The incident occurred at approximately 7:35 p.m. on Saturday, July 3, at Adventureland Park in Altoona, Iowa — part of the Des Moines metropolitan area — when a boat on the Raging River ride overturned with six riders on it, according to a statement from Adventureland Park.

The overturned raft caused critical injuries to three people and left one with minor injuries, the statement continued.

“Altoona Fire and Police were on property and responded immediately,” said Adventureland Park in their initial statement on Saturday night. “We want to thank them as well as Des Moines, Ankeny, Bondurant, Pleasant Hill and Delaware Township Emergency Services for their fast response … Our thoughts are with the affected families at this time.”

Adventureland Park said the ride had been inspected the day before and “was found to be in good working order” at the time of the accident.
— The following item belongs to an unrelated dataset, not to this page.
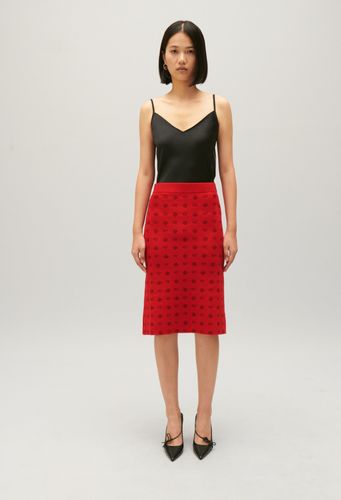 Jupe mi-longue maille rouge - Claudie Pierlot - Modalova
The Raging River ride will now remain closed for a more thorough inspection.

Adventureland Park released a second statement on Sunday night after they learned of the passing of one of the injured riders.

“Adventureland is saddened to learn of the passing of one Guest involved in the Raging River accident on the evening of 7/3/21,” the park’s second statement said. “This investigation is ongoing and the ride remains closed. Adventureland is working closely with both the State and local authorities, and would like to thank them again for their efforts. At this time, we ask for your thoughts and prayers for the Guest and their family, as well as for our team members who were onsite.”
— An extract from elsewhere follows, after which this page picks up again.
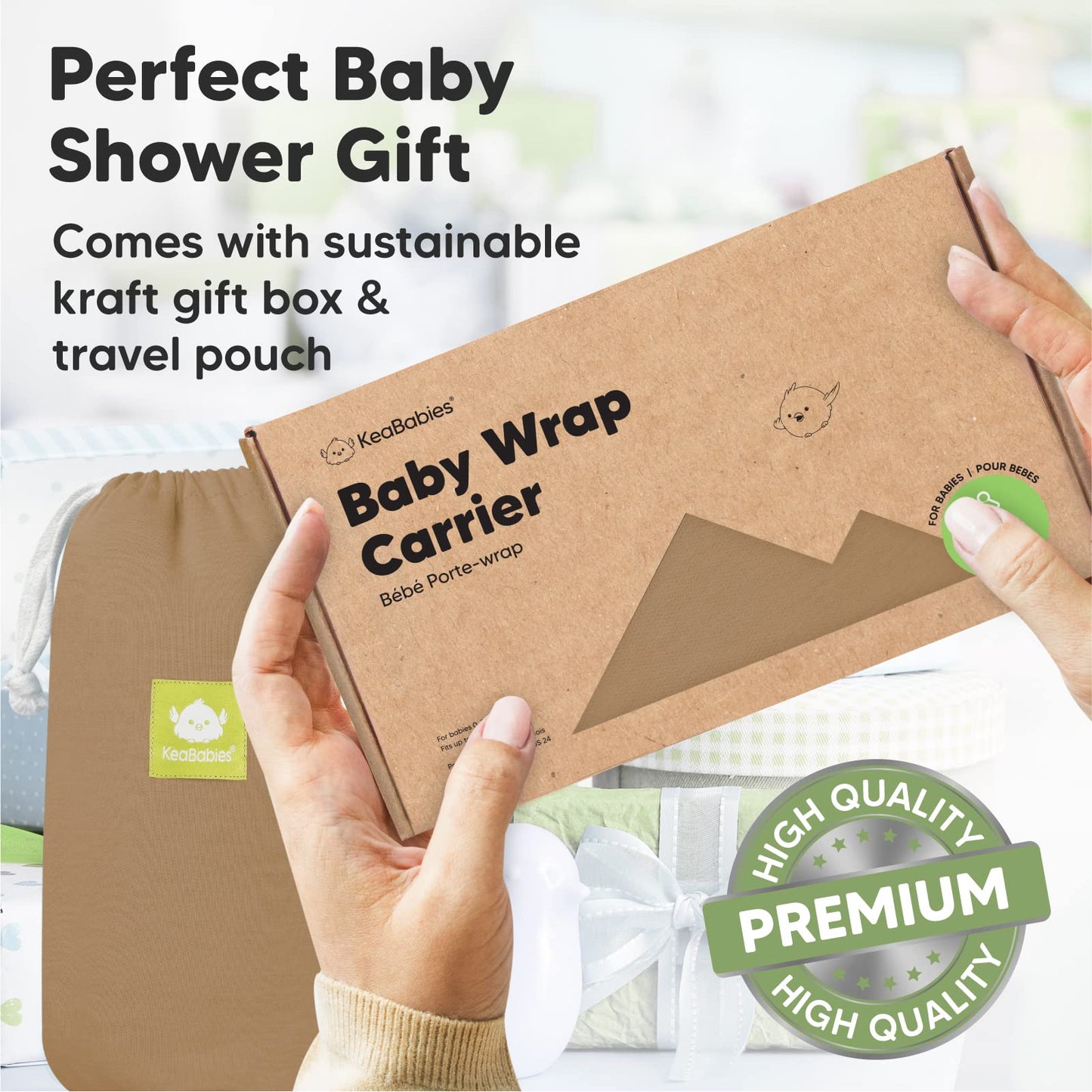 KeaBabies Baby Wrap Carrier - All in 1 Original Baby Carrier Newborn to Toddler Sling, Easy to Wear, Hands Free Bonding, Lightwe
There have been no additional updates on the conditions of the other three survivors since the initial statement.

This, however, is reportedly not the first fatal accident to have taken place in connection with the Raging River ride at Adventureland Park.
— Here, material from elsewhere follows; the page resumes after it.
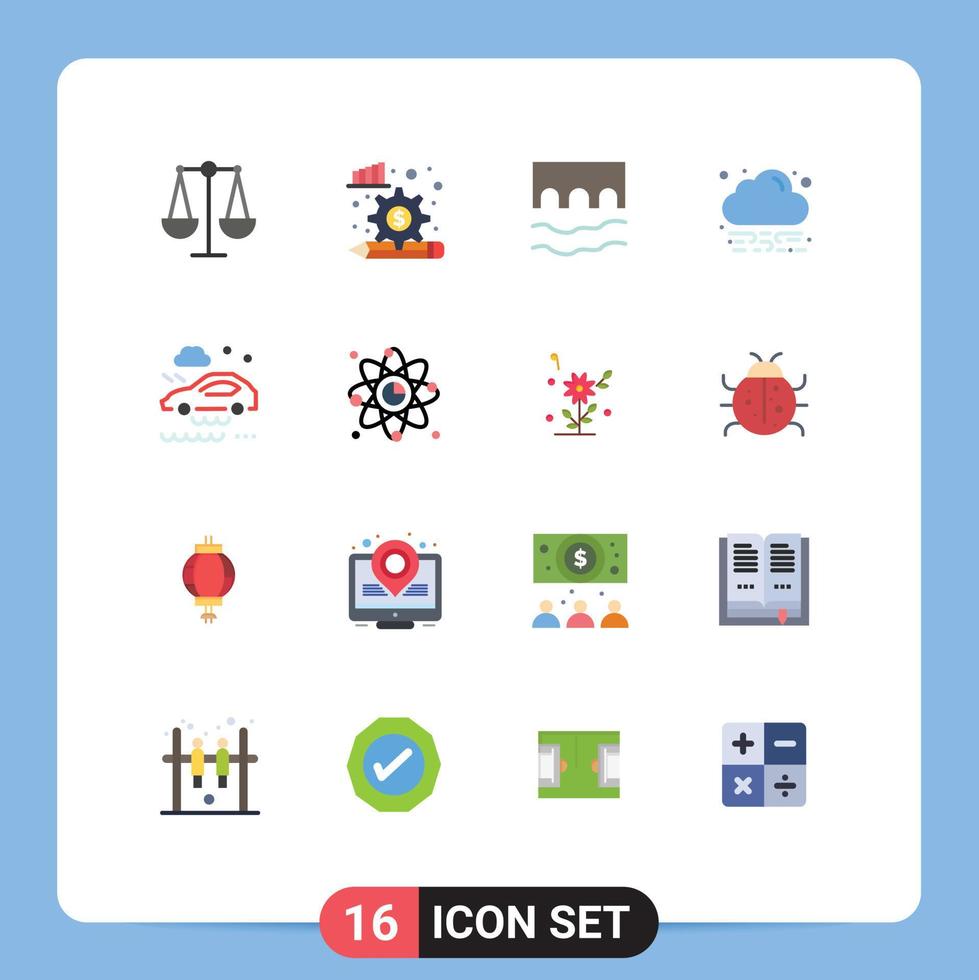 16 universelle flache Farben für Web- und mobile Anwendungen Regen schlechte Wetterbedingungen Cross Cloud Energy editierbares Paket kreativer Vektordesign-Elemente vektor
According to the Des Moines Register, 68-year-old Adventureland Park employee, Steve Booher, reportedly died in 2016 while he was working on the ride as he was helping riders get out of the Raging River rafts at the end of the ride but fell onto the conveyor belt and suffered a fractured skull along with a major brain injury. Booher died four days later.

Iowa’s Occupational Safety and Health Administration subsequently fined the theme park $4,500 following Booher’s death, according to the Des Moines Register — the maximum the agency could assess for that type of violation.

The circumstances that led up to Saturday’s incident are currently unclear and the investigation is ongoing and the ride will remain closed during that time.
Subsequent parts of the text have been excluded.